(PROBLEM TO SOLVE):
Could you please reproduce every record below exactly, leaving out the pictures?
Start of DATASET EXTRACT
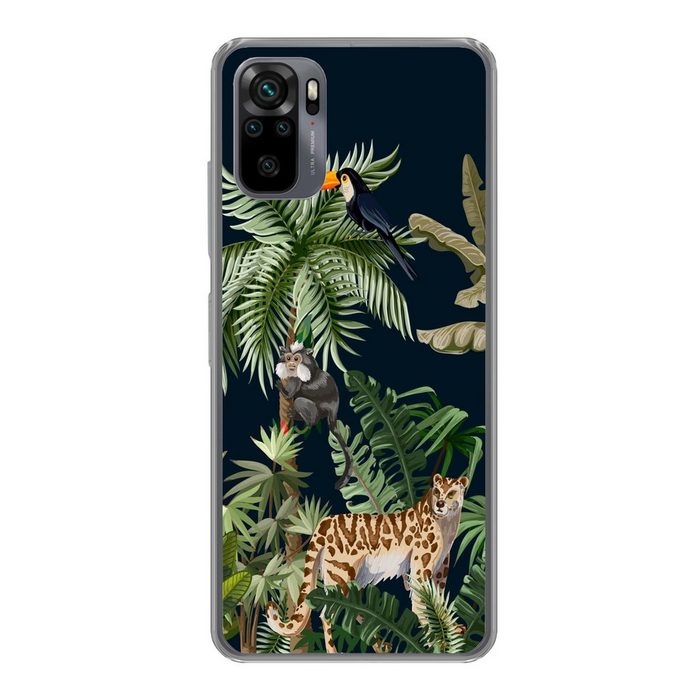 MuchoWow Handyhülle Dschungel - Pflanzen - Tiere - Kinder - Flamingo - Zebra Phone Case Handyhülle Xiaomi Redmi Note 10 Silikon Schutzhülle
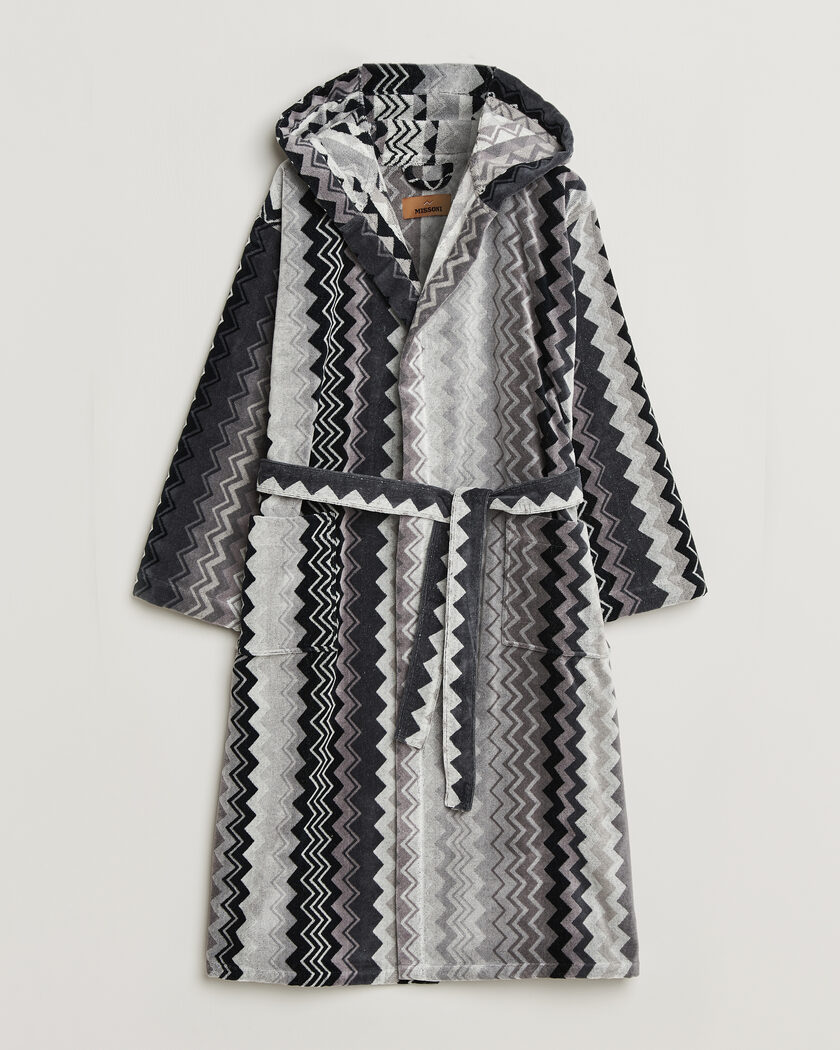 Missoni Home Giacomo Hooded Bathrobe Multi Black – Schwarz
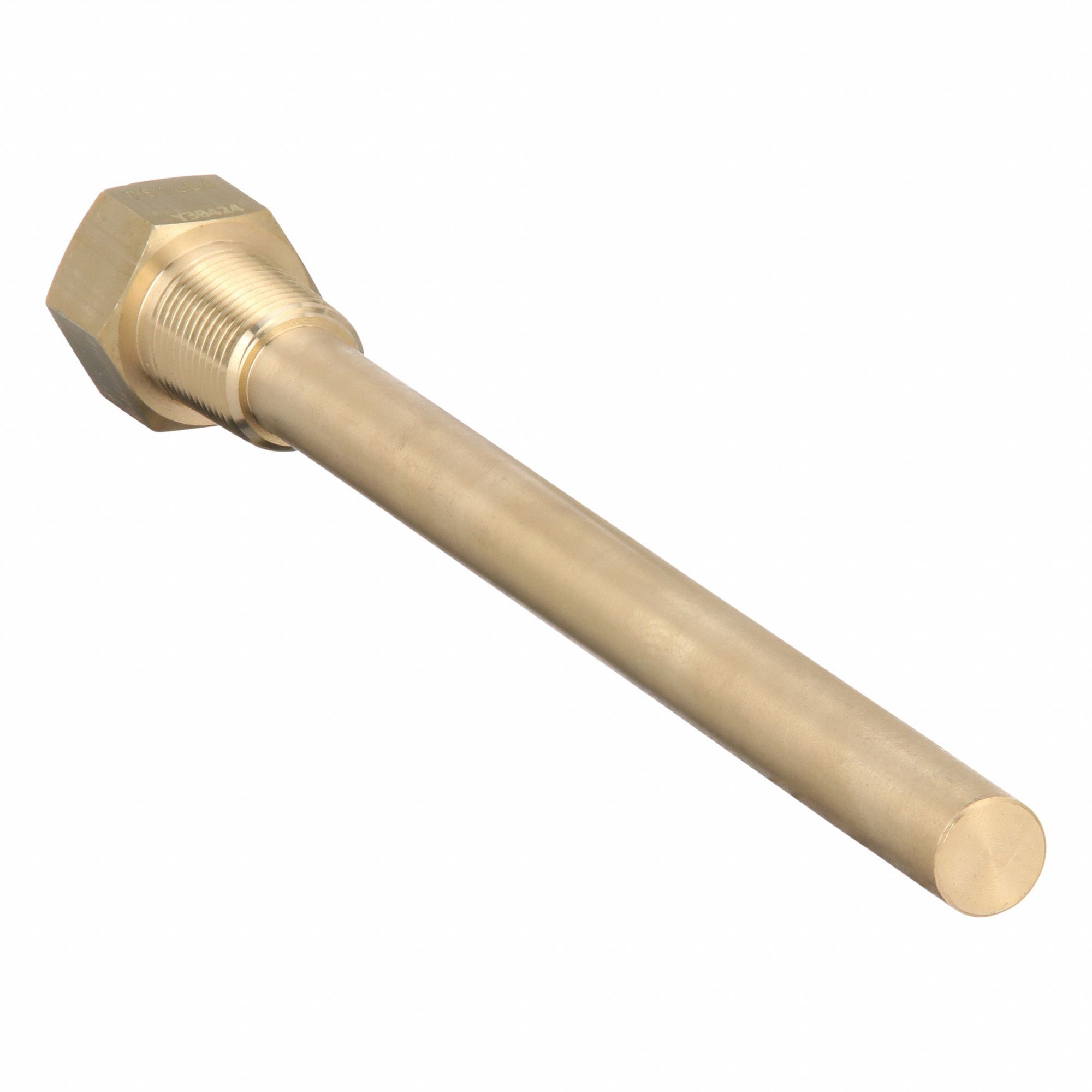 Threaded Thermowell: Brass, For 9 in Stem Lg, 7 1/2 in Insertion Lg, For 1/4 in Stem Dia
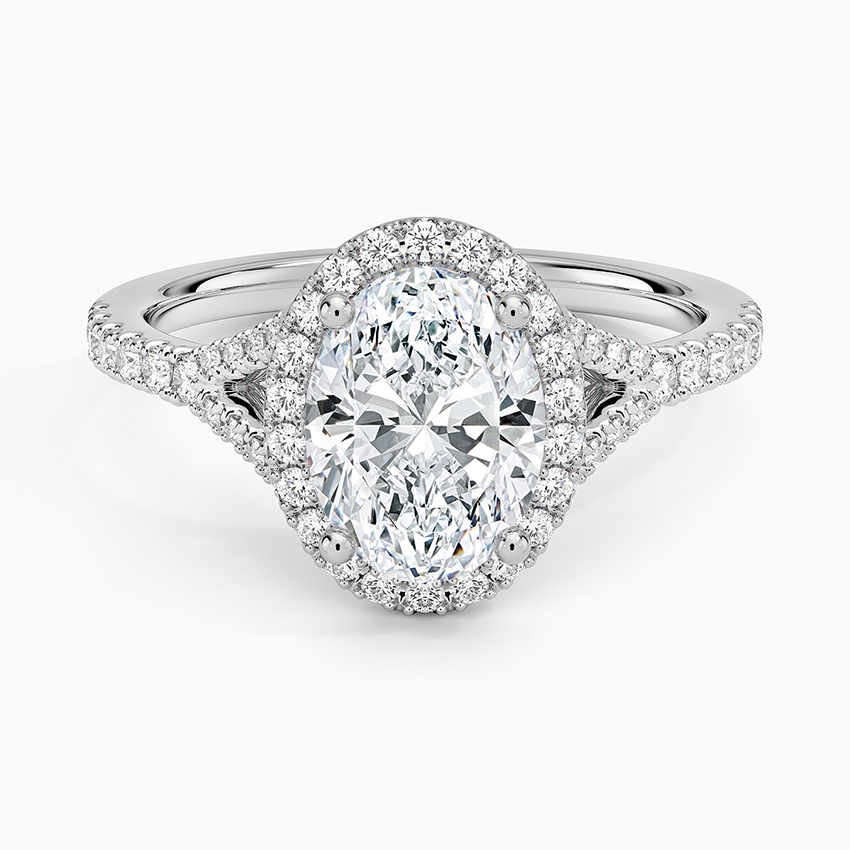 Joy Half Coverage Diamond Ring Platinum Oval Engagement Ring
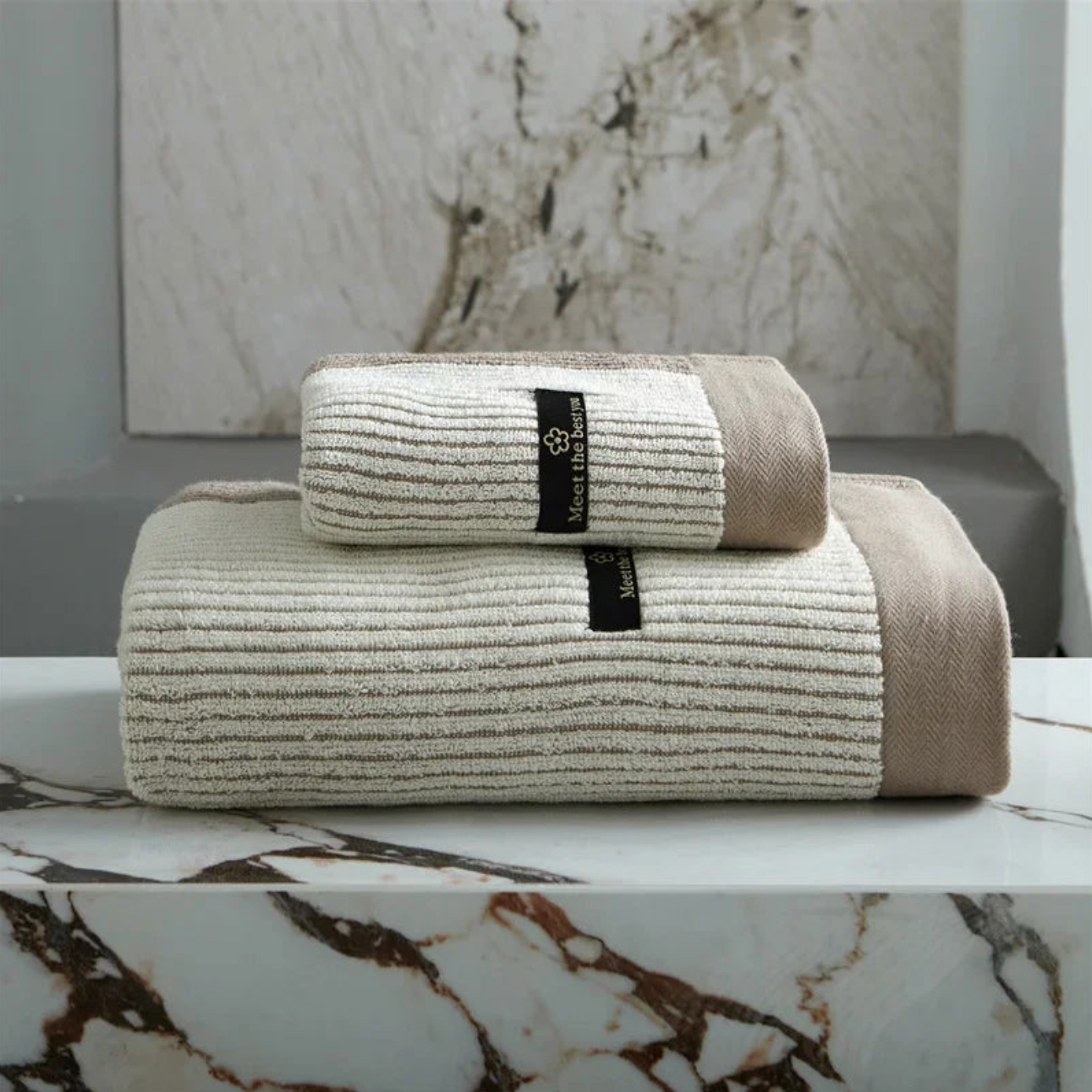 Berlin Luxury Soft Absorbent Cotton Towel - Cream Walnut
End of DATASET EXTRACT
(EXERCISE OUTPUT):
 MuchoWow Handyhülle Dschungel - Pflanzen - Tiere - Kinder - Flamingo - Zebra Phone Case Handyhülle Xiaomi Redmi Note 10 Silikon Schutzhülle
 Missoni Home Giacomo Hooded Bathrobe Multi Black – Schwarz
 Threaded Thermowell: Brass, For 9 in Stem Lg, 7 1/2 in Insertion Lg, For 1/4 in Stem Dia
 Joy Half Coverage Diamond Ring Platinum Oval Engagement Ring
 Berlin Luxury Soft Absorbent Cotton Towel - Cream Walnut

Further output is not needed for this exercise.